Kuczynski’s decision to grant pardon in late 2017 was met with street protests in the country’s capital, Lima, and drew condemnation from human rights groups who saw the decision as a political move on the part of Kuczynski to avoid impeachment for lying about his links to Odebrecht, the Brazilian construction firm at the heart of corruption scandals that are sweeping all through Latin America.
HEADLINES FROM THE WESTERN HEMISPHERE
Two Mexican federal agents who went missing Feb. 5 were found dead in Xalisco, a town in the state of Nayarit, confirmed the country’s federal Attorney General’s Office late on Sunday night. A video had been distributed last week that appeared to show the two agents surrounded by five unknown gunmen torturing them to force them to confess supposed human rights violations. Nayarit is the territory of Mexico’s fastest-growing criminal organization, the Jalisco New Generation Cartel. The officers worked for the Criminal Investigation Agency.

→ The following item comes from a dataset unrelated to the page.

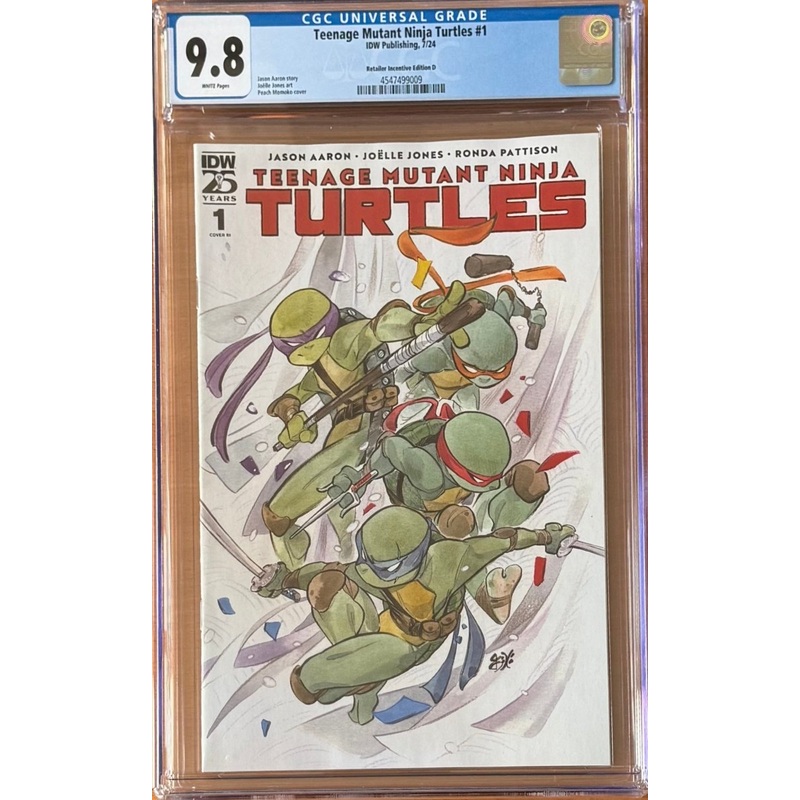 Teenage Mutant Ninja Turtles #1 1:100 Momoko Variant CGC 9.8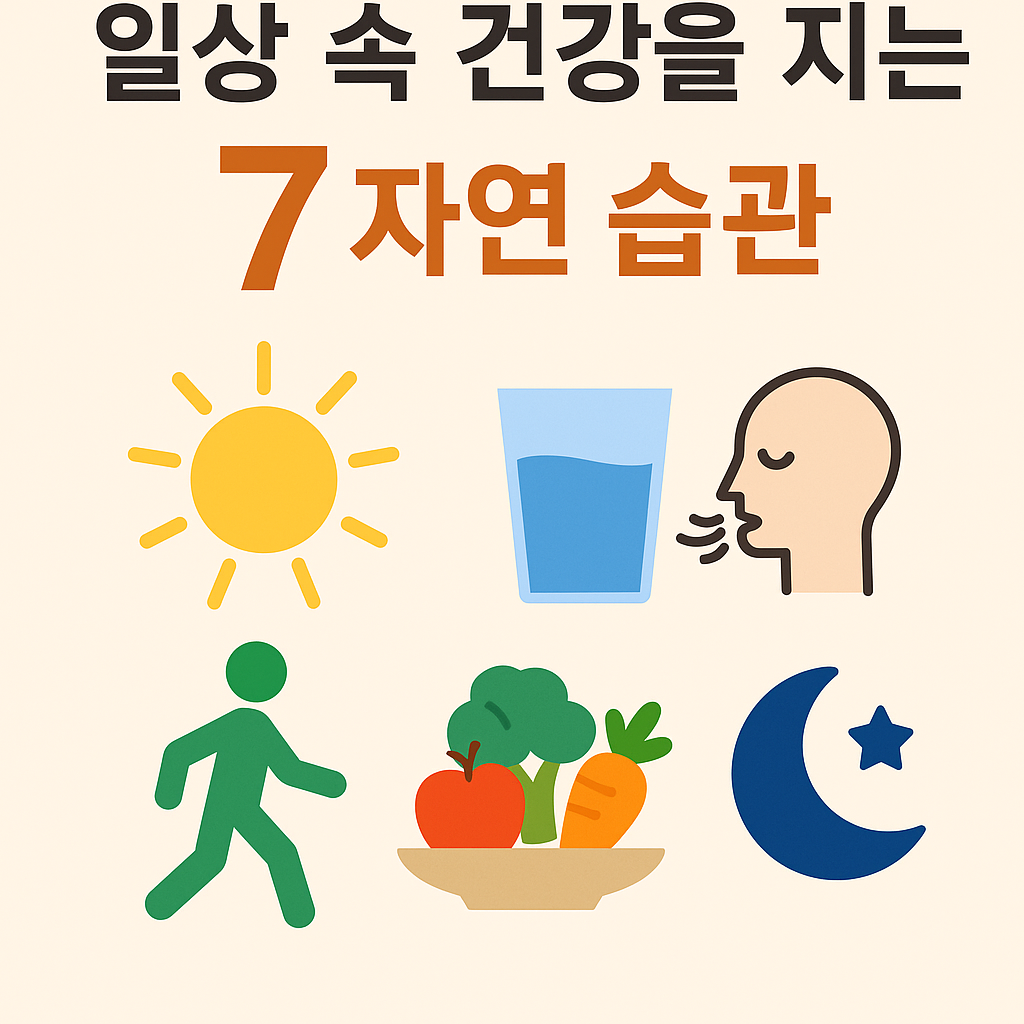 일상 속 건강을 지키는 7가지 자연 습관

One of the most important underwater archaeological sites in the world could be in danger due to pollution, warned experts on Monday. The Sac Actun cave system, located in the Mexican Riviera Maya, contains extinct animal remains and some of the oldest human remains in the continent, but high acidity levels pose a threat to the submerged treasure, as urbanization from nearby beach-resort Tulum closes in.
After rejecting an initial $1 billion loan request, a federal judge approved a $300 million loan for Puerto Rico’s Electric Power Authority (PREPA), following a revised appeal submitted last Friday. However, Gov. Ricardo Rosselló maintained that PREPA still needs a $1 billion loan to maintain operations in the next few months. PREPA is expected to be privatized in the next 18 months.
Oxfam released a report stating that three of the aid workers “physically threatened witnesses” during the 2011 investigation in Haiti. The 11-page document revealed that a top official admitted paying for sex during the earthquake relief efforts. Simon Ticehurst, Oxfam regional director for Latin America, met and apologized to Haitian minister Aviol Fleurant yesterday, and said they were committed to re-establishing trust and partnership with Haiti given Oxfam’s 40-year history working with the island and its citizens.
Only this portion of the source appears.